[TASK DATA]

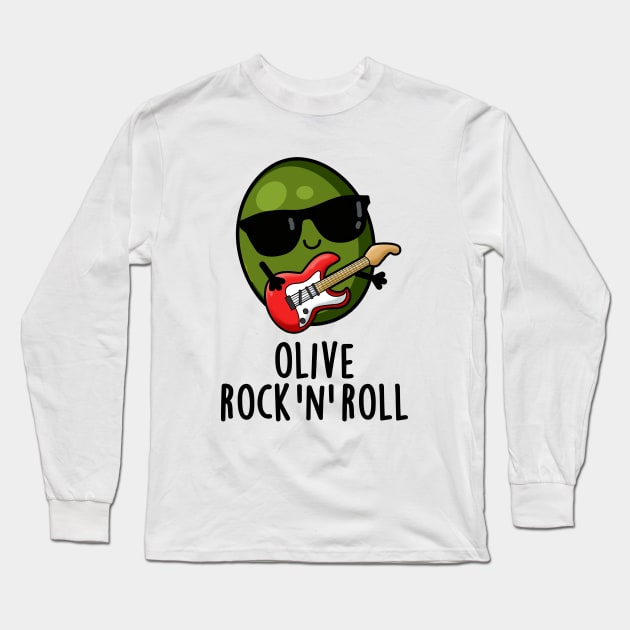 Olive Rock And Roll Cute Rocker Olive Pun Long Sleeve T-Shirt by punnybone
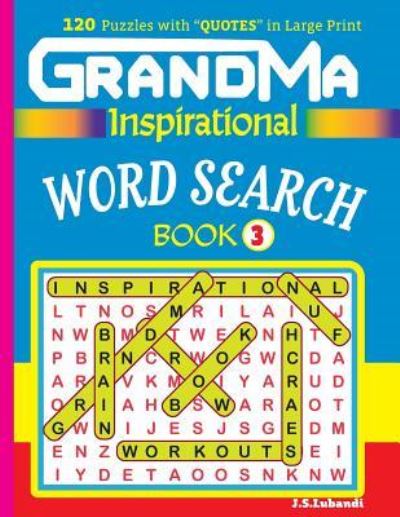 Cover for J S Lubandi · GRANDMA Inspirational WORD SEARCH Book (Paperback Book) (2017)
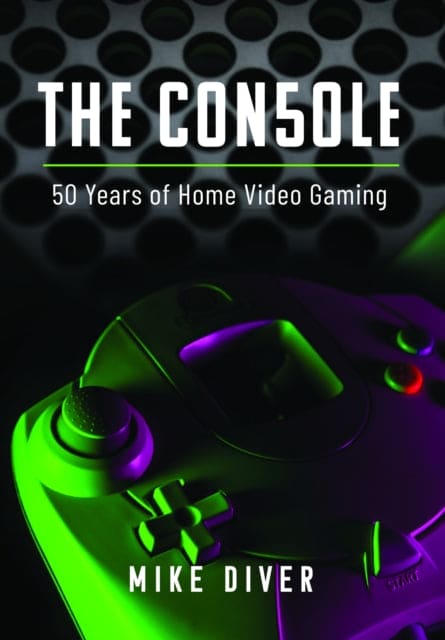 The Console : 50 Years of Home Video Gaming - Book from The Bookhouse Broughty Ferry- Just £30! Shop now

[/TASK DATA]
[TASK DATA]

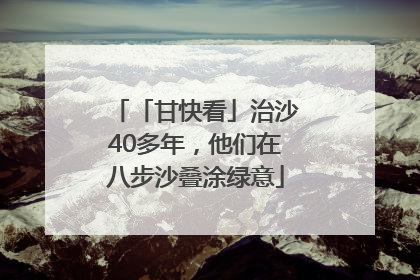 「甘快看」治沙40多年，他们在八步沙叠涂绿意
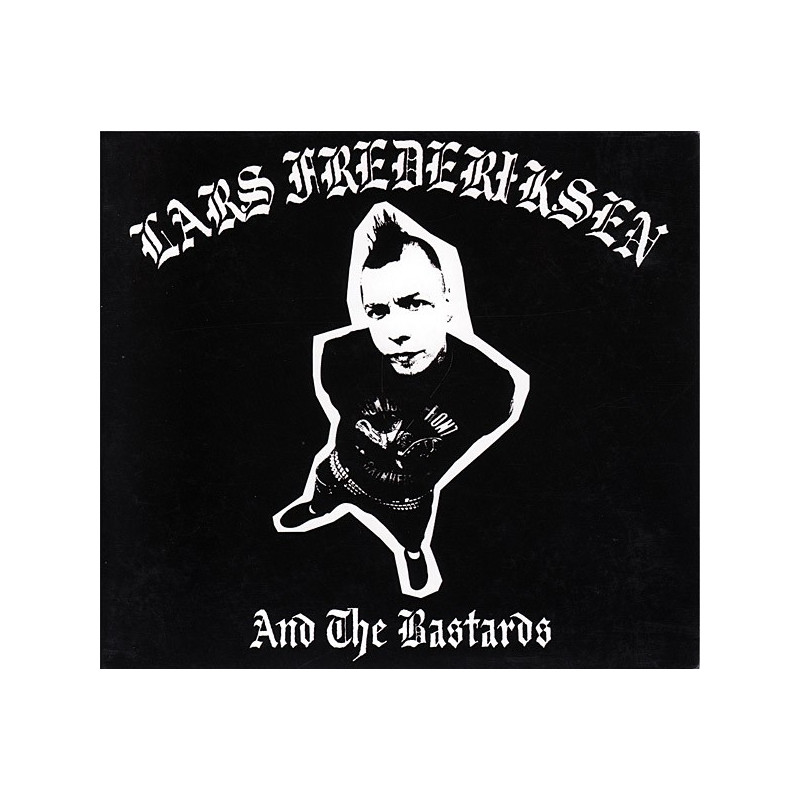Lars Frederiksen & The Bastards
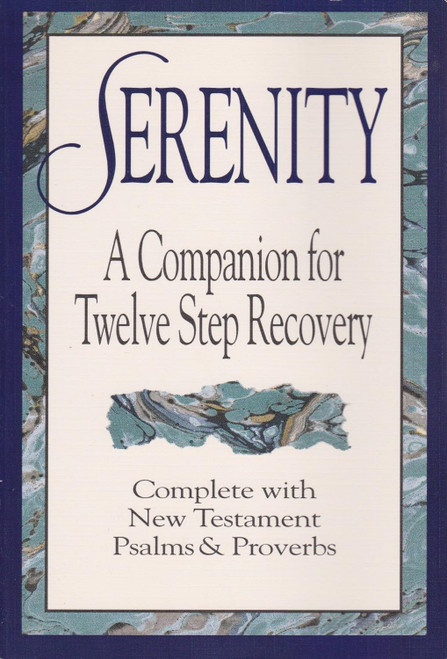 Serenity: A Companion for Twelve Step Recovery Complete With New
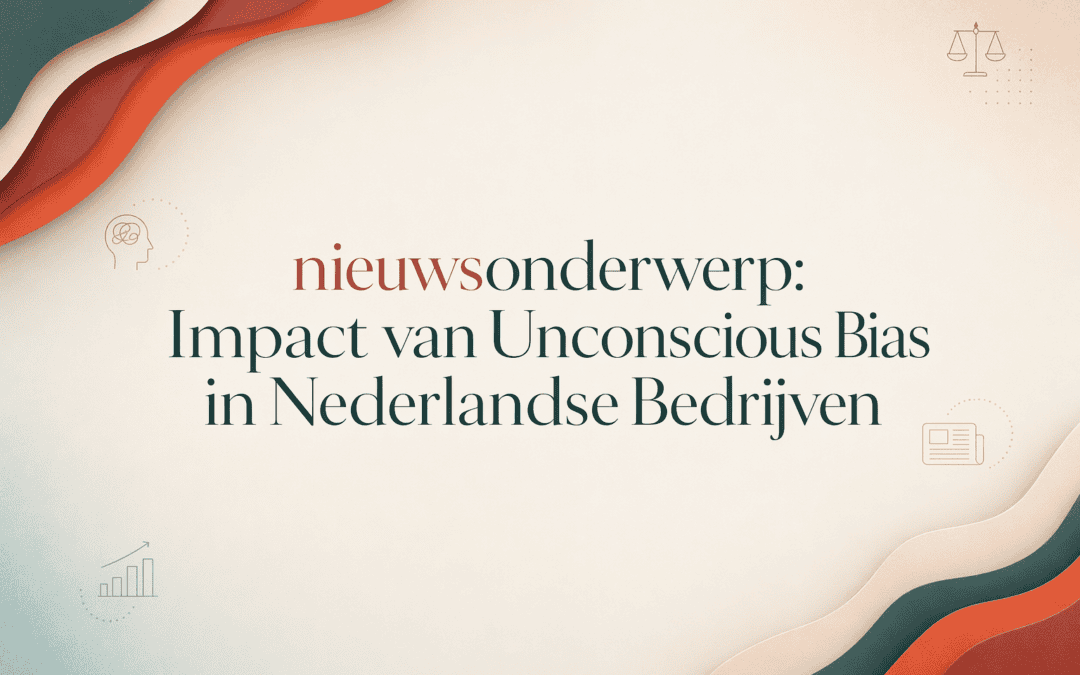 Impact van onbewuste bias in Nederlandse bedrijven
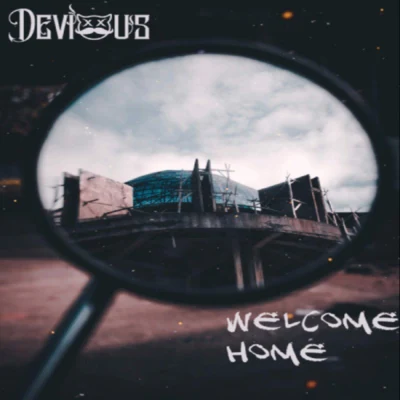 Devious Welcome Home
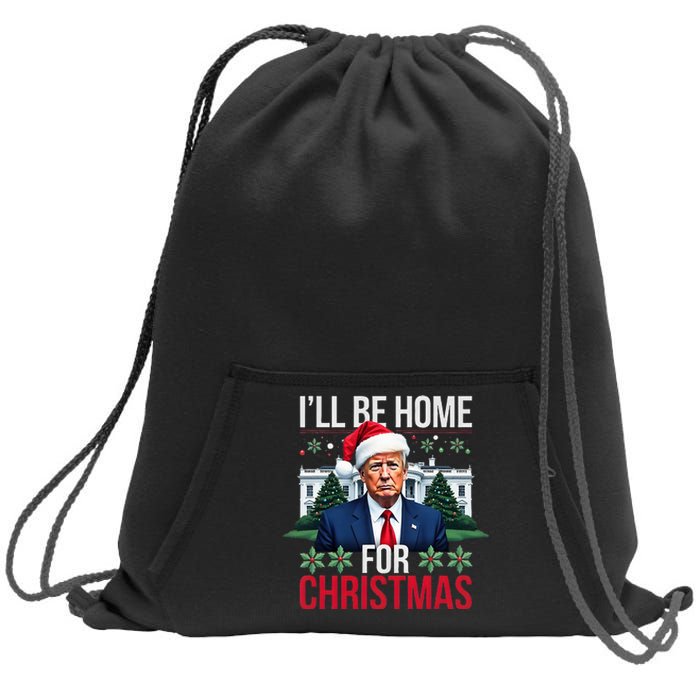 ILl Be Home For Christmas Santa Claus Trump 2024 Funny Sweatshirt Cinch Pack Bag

[/TASK DATA]
[TASK DATA]

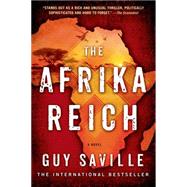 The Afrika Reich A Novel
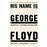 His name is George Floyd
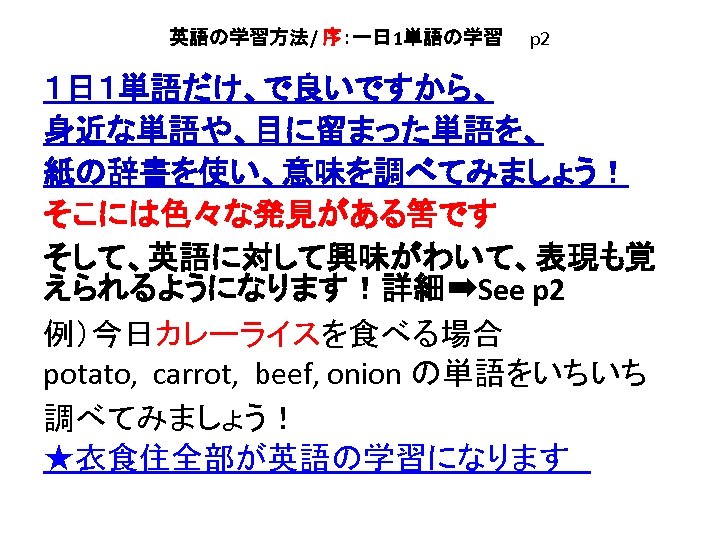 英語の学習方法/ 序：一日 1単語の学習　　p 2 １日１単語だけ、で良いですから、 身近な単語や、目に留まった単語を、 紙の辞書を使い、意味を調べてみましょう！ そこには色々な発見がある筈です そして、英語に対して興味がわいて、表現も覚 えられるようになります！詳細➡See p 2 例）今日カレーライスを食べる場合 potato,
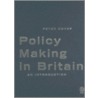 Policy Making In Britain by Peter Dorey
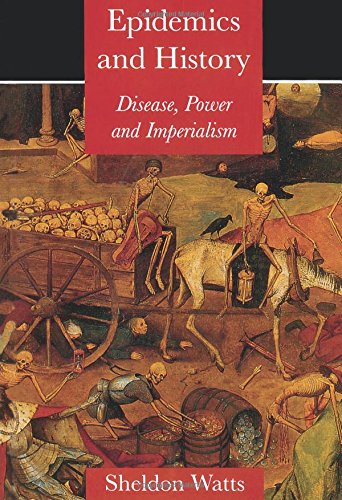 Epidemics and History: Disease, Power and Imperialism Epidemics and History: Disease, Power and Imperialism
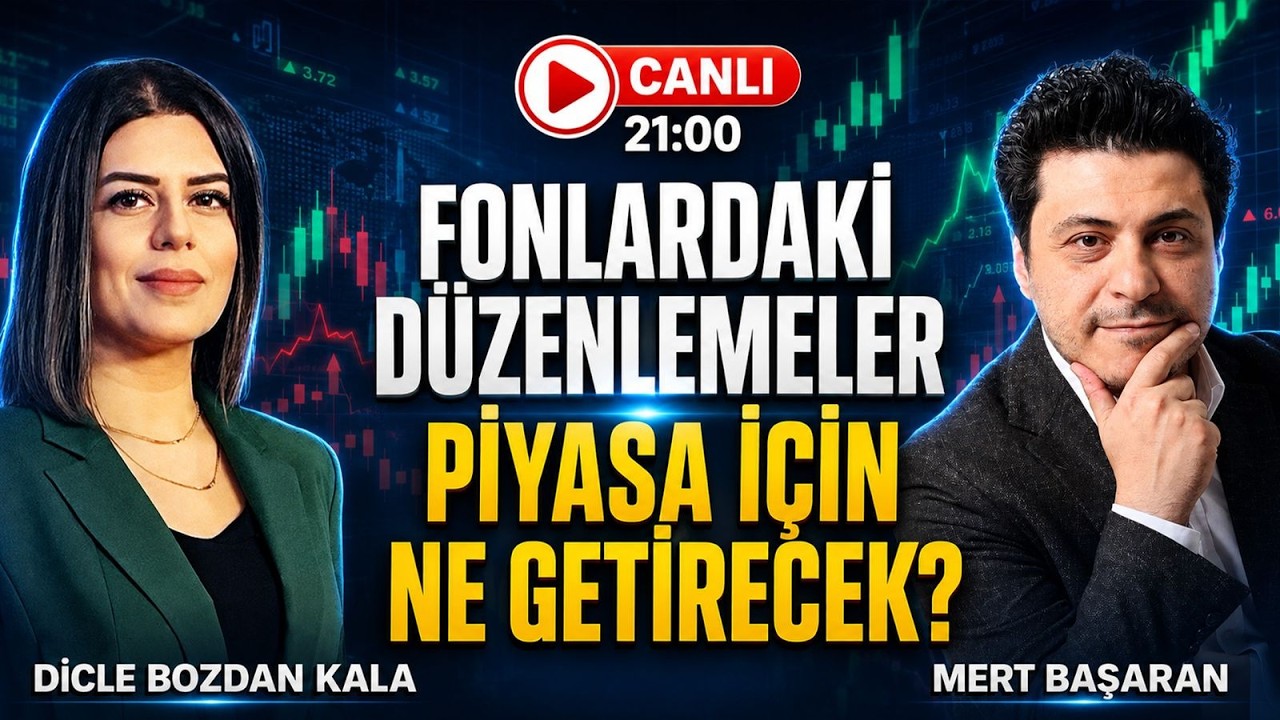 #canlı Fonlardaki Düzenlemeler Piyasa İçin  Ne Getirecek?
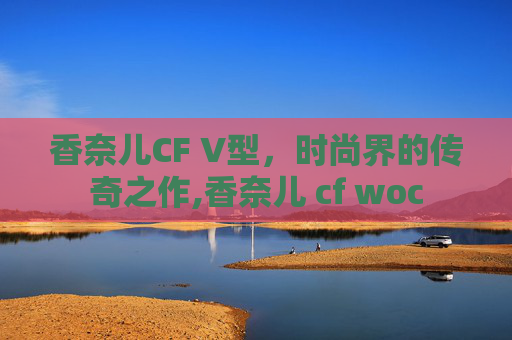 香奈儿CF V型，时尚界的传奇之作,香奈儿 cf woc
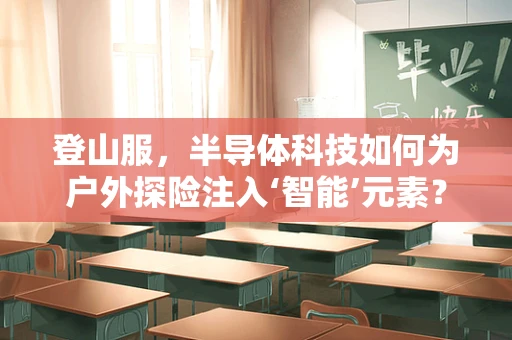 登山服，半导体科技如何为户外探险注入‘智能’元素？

[/TASK DATA]

-- REQUIRED WORK --
No picture is to be printed. Output exactly the lines above from the line containing "Devious Welcome Home" through the line containing "ILl Be Home".

-- SOLUTION --
 Devious Welcome Home
 ILl Be Home For Christmas Santa Claus Trump 2024 Funny Sweatshirt Cinch Pack Bag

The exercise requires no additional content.